A traditional fruit cake with a chunky chocolate twist. Makes 1 cake
1kg dried mixed fruit, roughly chopped
115g dried dates, roughly chopped
100g pitted prunes, roughly chopped
60g glacé ginger, chopped
juice and rind 1 medium orange
50ml brandy or whisky
1 medium green apple, peeled & grated
190g butter, softened
¾ cup (175g) caster sugar
3 large eggs
60g walnuts, chopped
50g (½ cup) almond meal
100g dark cooking chocolate, chopped
1 cups (200g) plain flour
1 tsp ground cinnamon
250g of your favourite nuts (blanched almonds, brazil nuts, walnuts)
2 tbs apricot jam
2 tsp brandy
In a large bowl, add the dried and glacé fruits, rind, juice, brandy, apple and stir to combine. Cover and set aside overnight or for up to 3 days.

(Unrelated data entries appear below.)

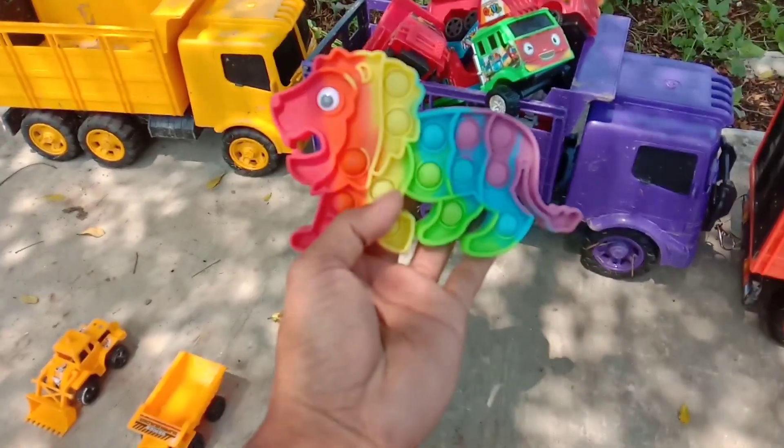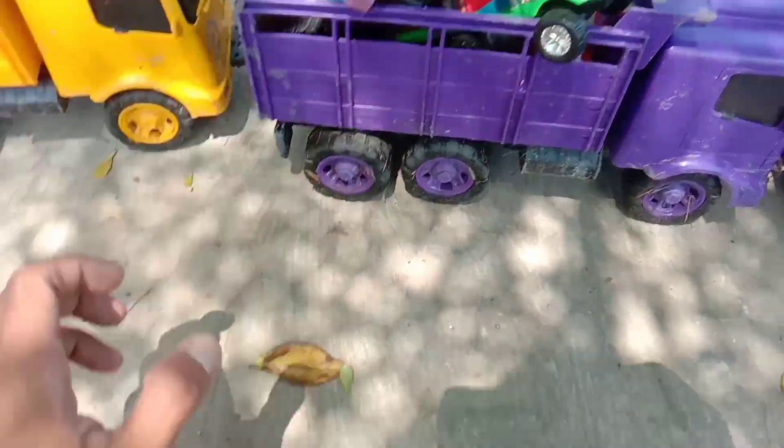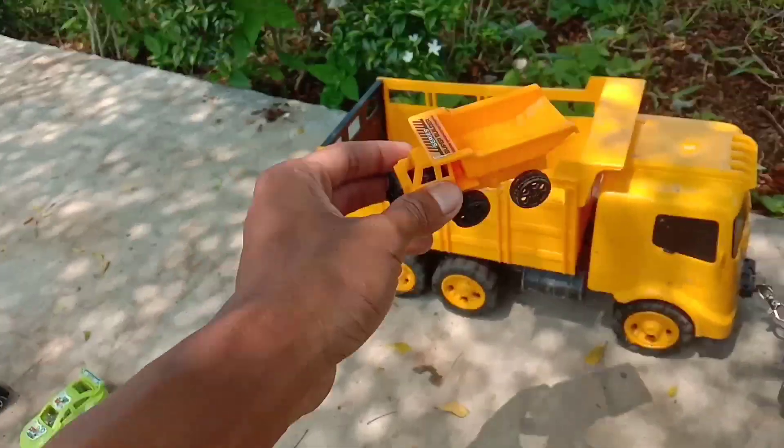Widiwadidaw. Di sini juga ada pop it singa, teman-teman. Wow, ini mobil dam truk, teman-teman. Warna kuning. Keren.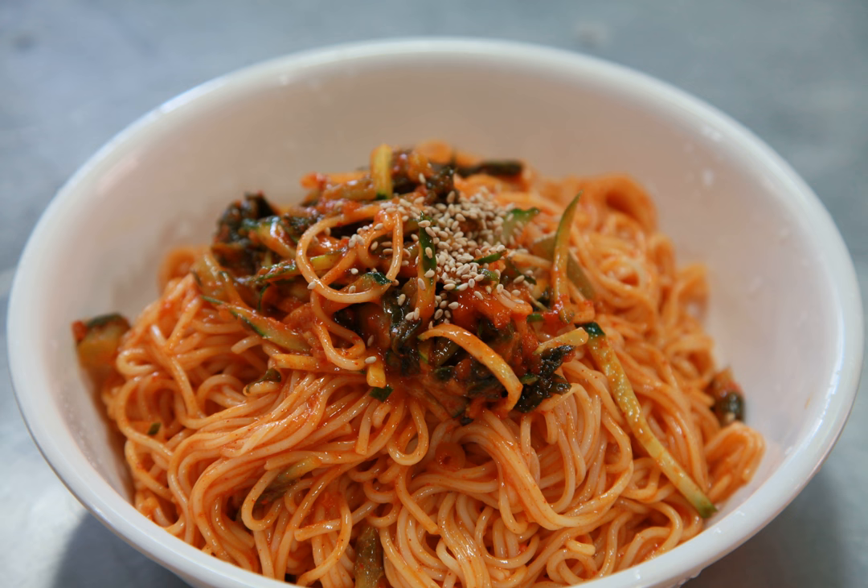Flavor. There are many kinds of cold noodle dishes in South Korea, including one made with cold beef broth. However, spicy cold noodles have historically been appreciated by spice-loving people in Korea and recognized internationally.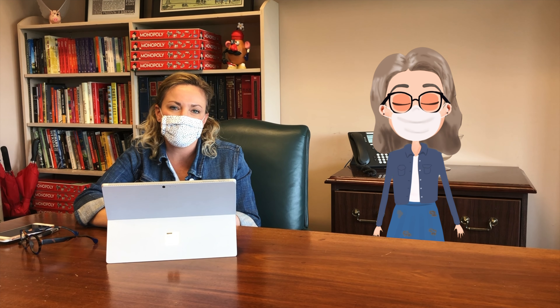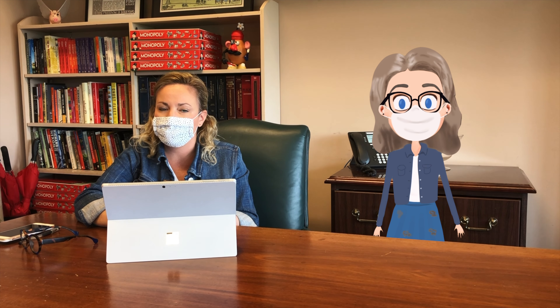Plus, masks are just great new accessories that you can have a lot of fun with. If you have any problems with check-in, you can always reach out to us at case@flagler.edu. We're really excited to see you this fall, virtually or in person.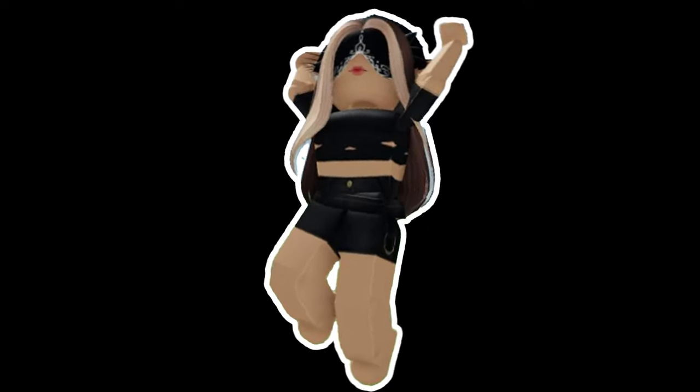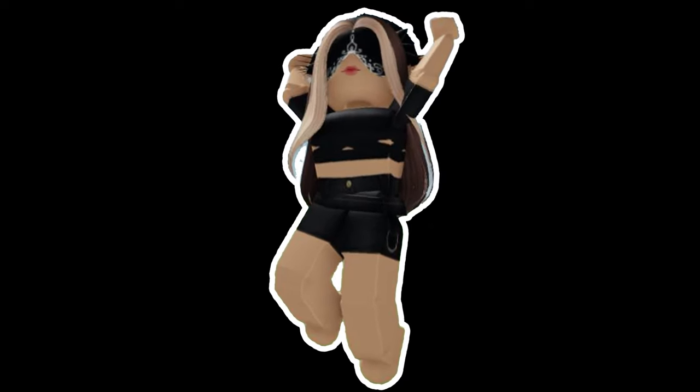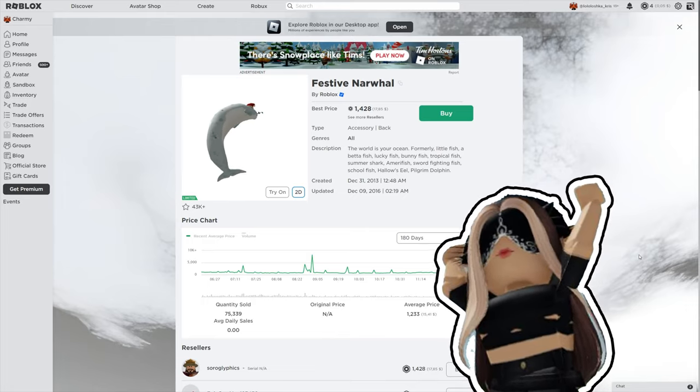But before we start, I wanna show you a limited item that looks exactly like that free item. Just take a look and we will get back to our discussion.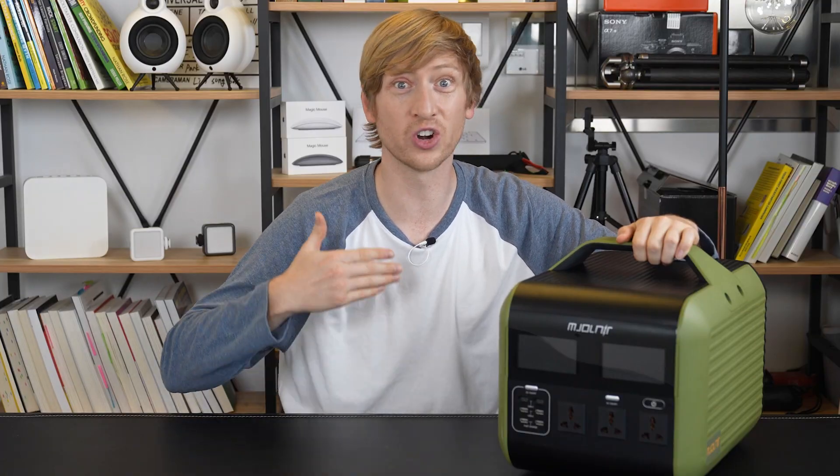That's why I like Mjolnir, and I like saying Mjolnir, and that's why I will keep on saying Mjolnir.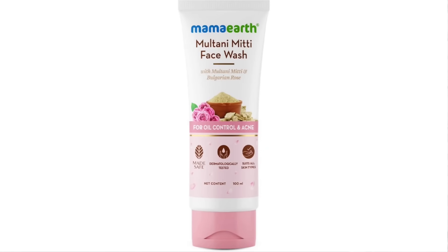So, if you want to see the first product, this is the MAMA's Multanimeti face wash. The main ingredients are Multanimeti and Bulgarian Rose. This is especially for oily skin and oily acne-prone skin.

Preheat oven to 150C (130C fan forced). Line base and sides of a KitchenAid Springform Pan (23cm) with 2 layers each of brown paper and baking paper, bringing the paper 4cm above the edge of the pan*.
Attach the flat beater to the KitchenAid Stand Mixer. Cream butter and sugar on speed 8 for 5 minutes or until light and creamy.
Add eggs, beating thoroughly in between each egg.
Turn off mixer. Add fruit mixture, nuts, chocolate and then flour and cinnamon. Spoon the mixtures evenly around the bowl. Turn to speed 2 and mix until well combined, do not over mix.
Spread mixture evenly into prepared pan. Drop pan on the bench twice to spread cake evenly.
Decorate top of cake with nuts, pushing them down lightly into batter.
Place cake on a double thickness of brown paper on baking sheet and bake for 2½ hours or until a skewer comes out clean. Cover with foil and allow cake to cool in pan.
Warm jam and brandy in a small pan and brush over nut topping.
- The brown paper and baking paper protect the edges of the cake during the long slow cooking. Without this, the cake would become dry.
- To make your own fresh almond meal: Attach the slicer shredder with the fine shredding drum to the stand mixer. Turn mixer to speed 8. Add the almonds pushing down gently with the pusher and finely grate.